◆ Work to be completed
Using the data that follows, give again word for word the lines between the one holding "primer plano de" and the one holding "A man in a plaid", inclusive. Omit the pictures.

◆ Task material
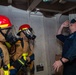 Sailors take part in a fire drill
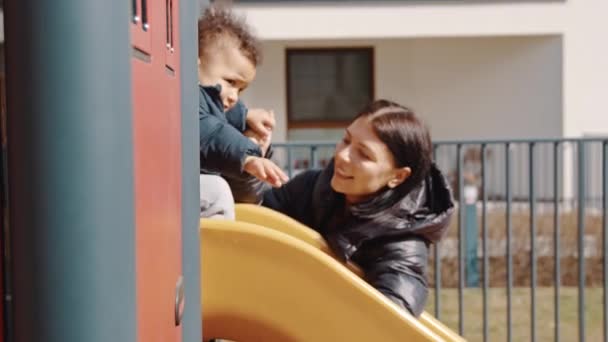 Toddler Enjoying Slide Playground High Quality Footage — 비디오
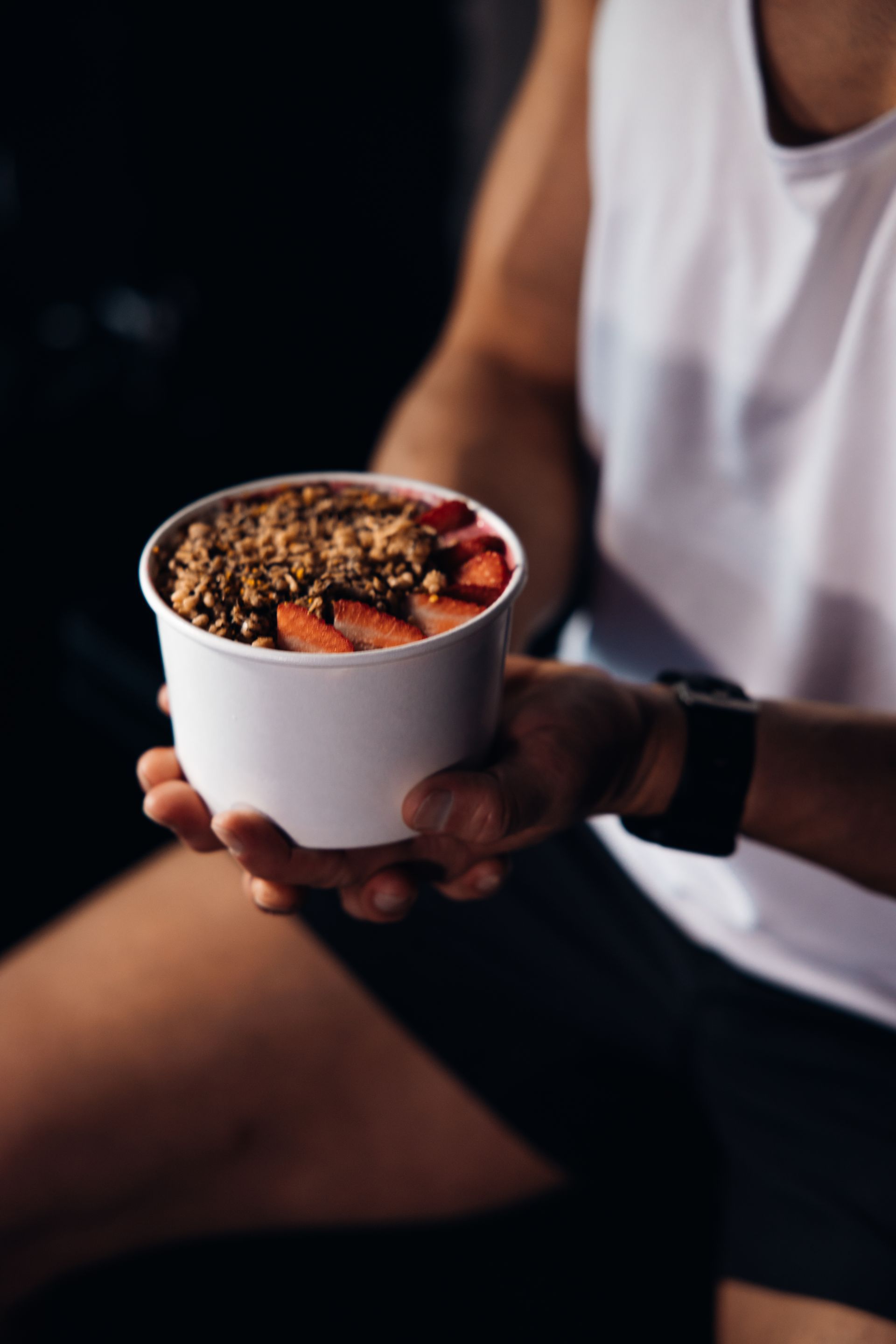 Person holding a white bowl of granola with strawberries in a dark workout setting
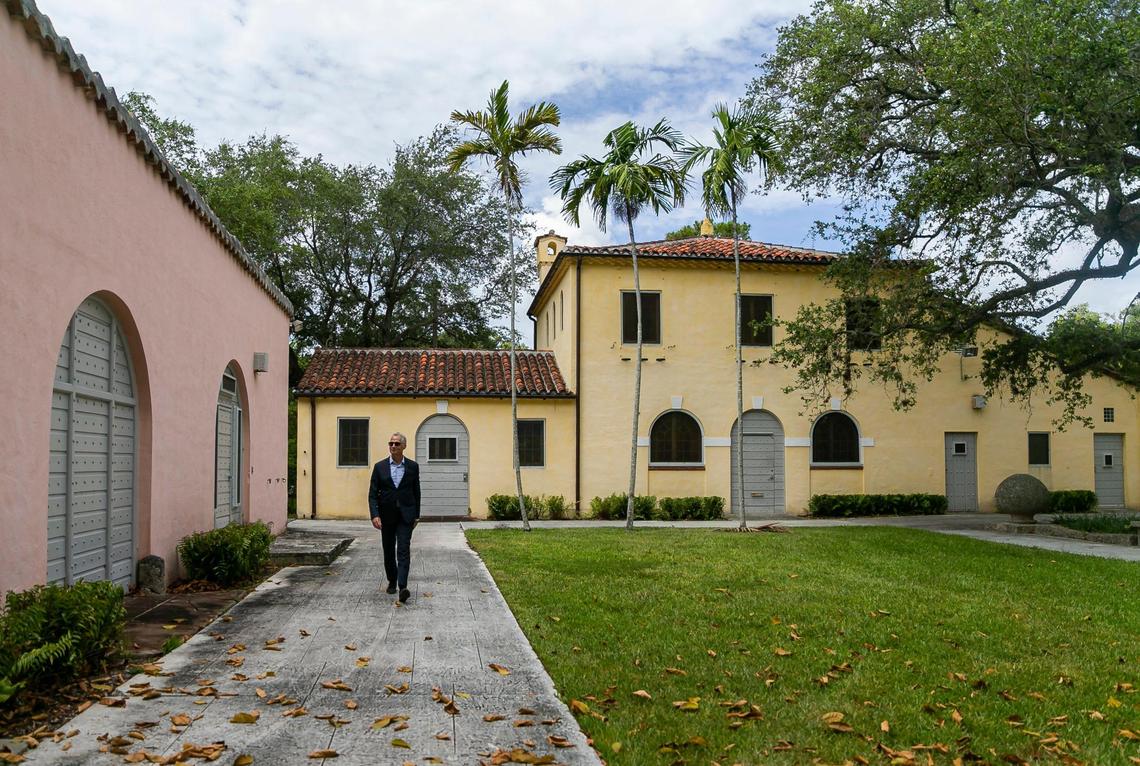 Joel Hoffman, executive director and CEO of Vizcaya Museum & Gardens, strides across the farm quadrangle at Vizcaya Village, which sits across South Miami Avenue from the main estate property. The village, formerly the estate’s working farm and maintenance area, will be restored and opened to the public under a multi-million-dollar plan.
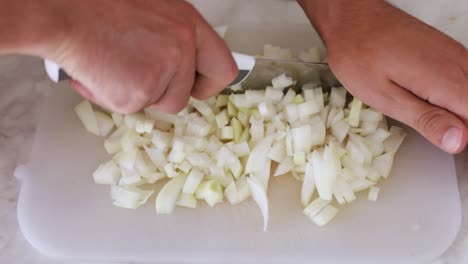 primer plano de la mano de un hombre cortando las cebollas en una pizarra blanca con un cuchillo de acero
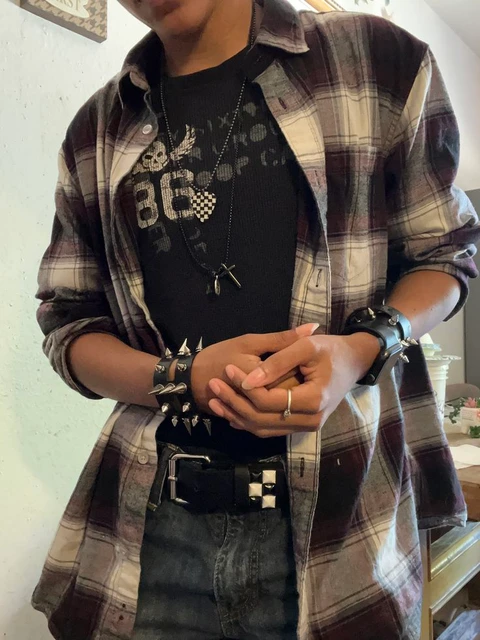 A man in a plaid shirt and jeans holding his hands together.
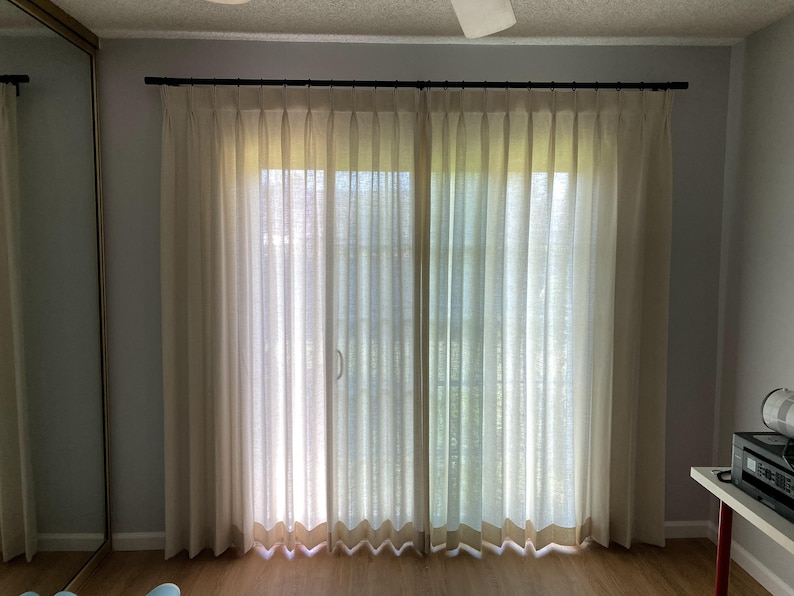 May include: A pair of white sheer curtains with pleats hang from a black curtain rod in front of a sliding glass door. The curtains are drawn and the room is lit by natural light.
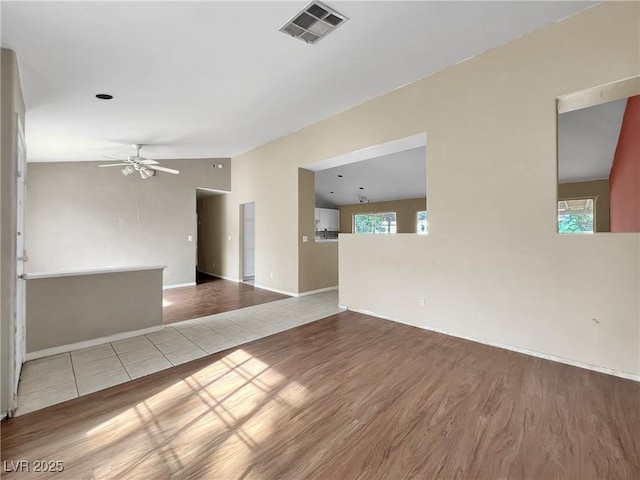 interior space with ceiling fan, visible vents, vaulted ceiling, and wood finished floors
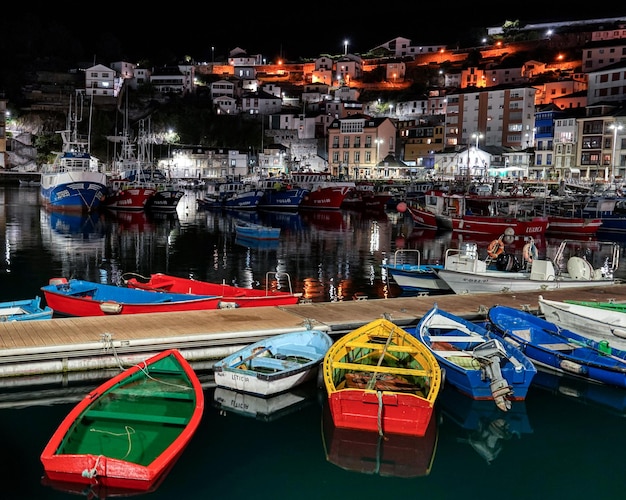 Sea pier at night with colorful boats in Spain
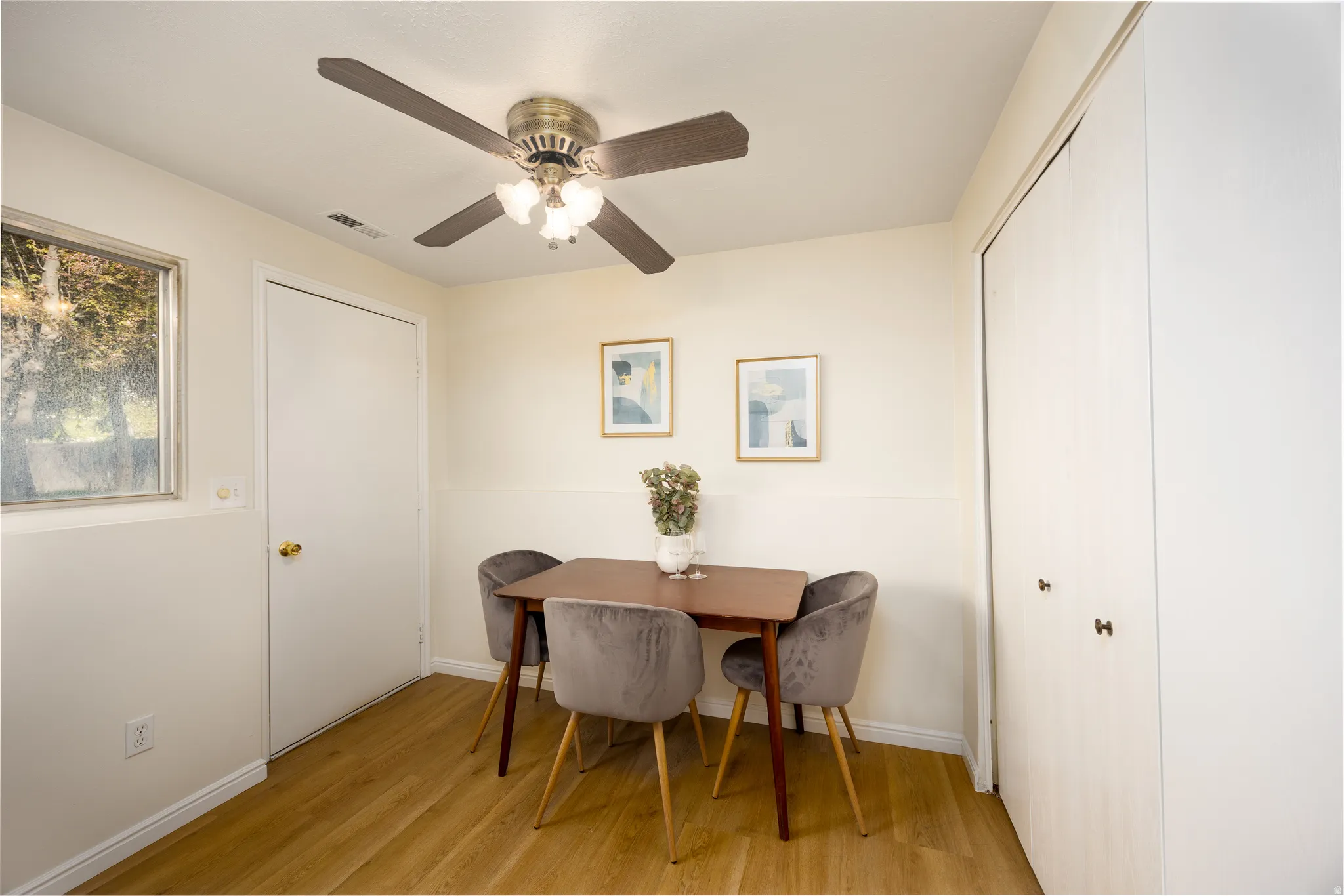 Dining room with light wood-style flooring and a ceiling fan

◆ Output for this task
 primer plano de la mano de un hombre cortando las cebollas en una pizarra blanca con un cuchillo de acero
 A man in a plaid shirt and jeans holding his hands together.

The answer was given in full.